Sehr geehrte Frau Frauen,

vielen Dank für Ihren Hinweis und Ihre Anfrage.

Grundsätzlich ist es aus Sicht des Verbraucherschutzes sinnvoll, allergen wirksame Duftstoffe in Kosmetika zu kennzeichnen und Allergiker die Möglichkeit zu geben, Kosmetika zu vermeiden, in denen die für sie problematischen Duftstoffe enthalten sind. Bisher gibt es eine solche Kennzeichnungspflicht für 26 Duftstoffe.

Das SCCS (Scientific Committee on Consumer Safety), ein wissenschaftlicher Ausschuss der EU, hat nun überprüft, ob noch weitere Duftstoffe aus gesundheitlicher Sicht problematisch sind. Hierbei zielt das SCCS auf die Prävention der Neuentwicklung von Allergien ab. Es ist nachgewiesen, dass Allergien sich durch eine Akkumulation der Exposition entwickeln können und insbesondere die Exposition im Kindesalter eine Rolle spielt. Wird sie heruntergesetzt, entwickeln sich weniger Allergien. Da Allergien unheilbar sind und ein Leben lang bestehen bleiben und die Lebensqualität sehr einschränken, sollte man diesen Aspekt keinesfalls vernachlässigen. Daher ist die wissenschaftliche Beurteilung des SCCS wichtig - nicht nur zum Schutz der Allergiker, sondern auch zur Prävention von Allergien.

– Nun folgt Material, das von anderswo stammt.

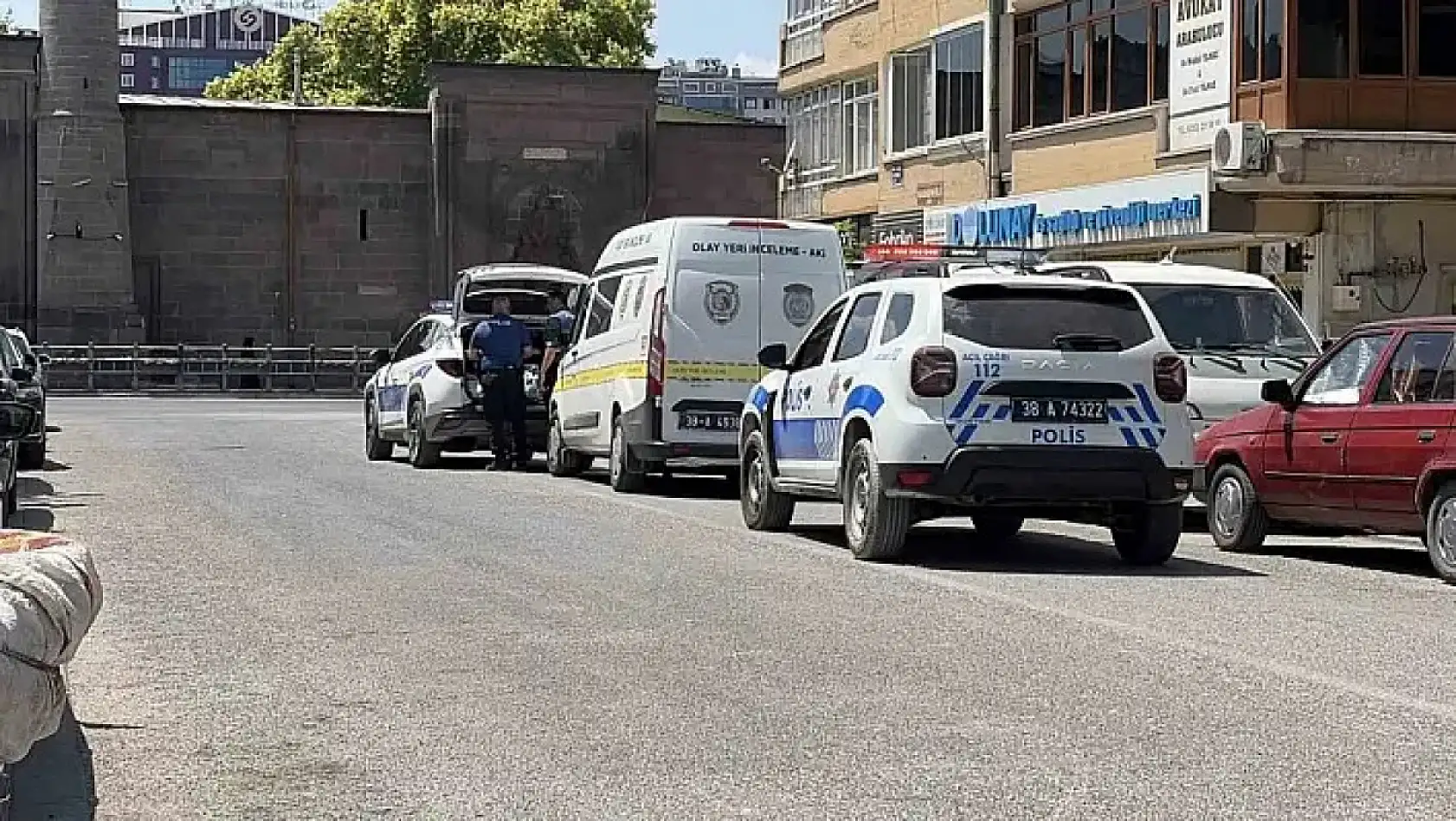 Kayseri'den Kısa Kısa: Vakıf Kurşunlandı, Suya Düşen Çocuk, Kayserililer Günü, Urfa Rüzgar, Kayserispor…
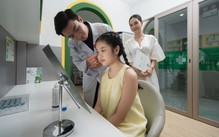 Kiểm soát cận thị ở trẻ: Cần nhìn xa hơn độ cận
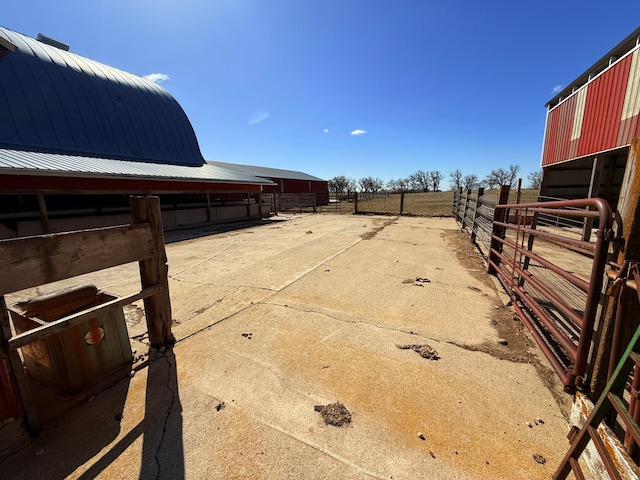 view of yard with an exterior structure and an outdoor structure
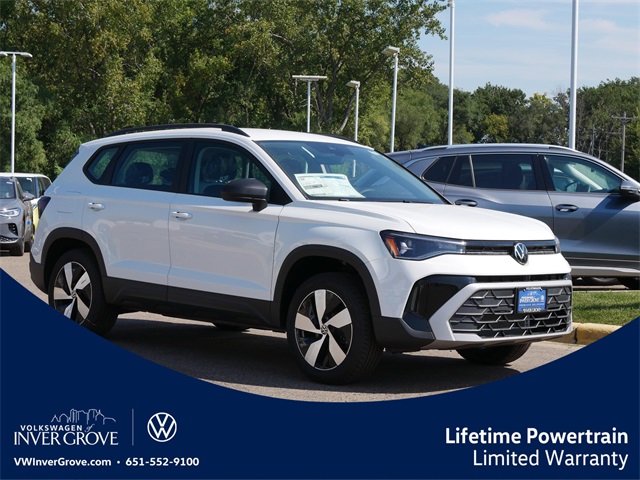 2025 Volkswagen Taos S's photo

Gleichzeitig handelt es sich bei der Stellungnahme des SCCS jedoch nur um eine wissenschaftliche Stellungnahme und noch nicht um politische Handlungsempfehlungen. Die EU-Kommission hat sich bislang noch nicht dazu geäußert. Eine 1:1-Übernahme der Vorschläge des SCCS ist sicherlich nicht zu erwarten.

Aus unserer Sicht sollte man die wissenschaftliche Bewertung des SCCS ernst nehmen, aber gleichzeitig auch überprüfen, wie hilfreich eine Kennzeichnung von über 120 Duftstoffen für Allergiker tatsächlich ist. In der Realität werden Allergiker meistens darauf achten, ob überhaupt Duftstoffe in Kosmetika enthalten sind. Zudem ist eine zu detaillierte Aufschlüsselung angesichts der normalerweise in der Praxis durchgeführten Allergietests für die meisten Allergiker keine wirkliche Verbesserung.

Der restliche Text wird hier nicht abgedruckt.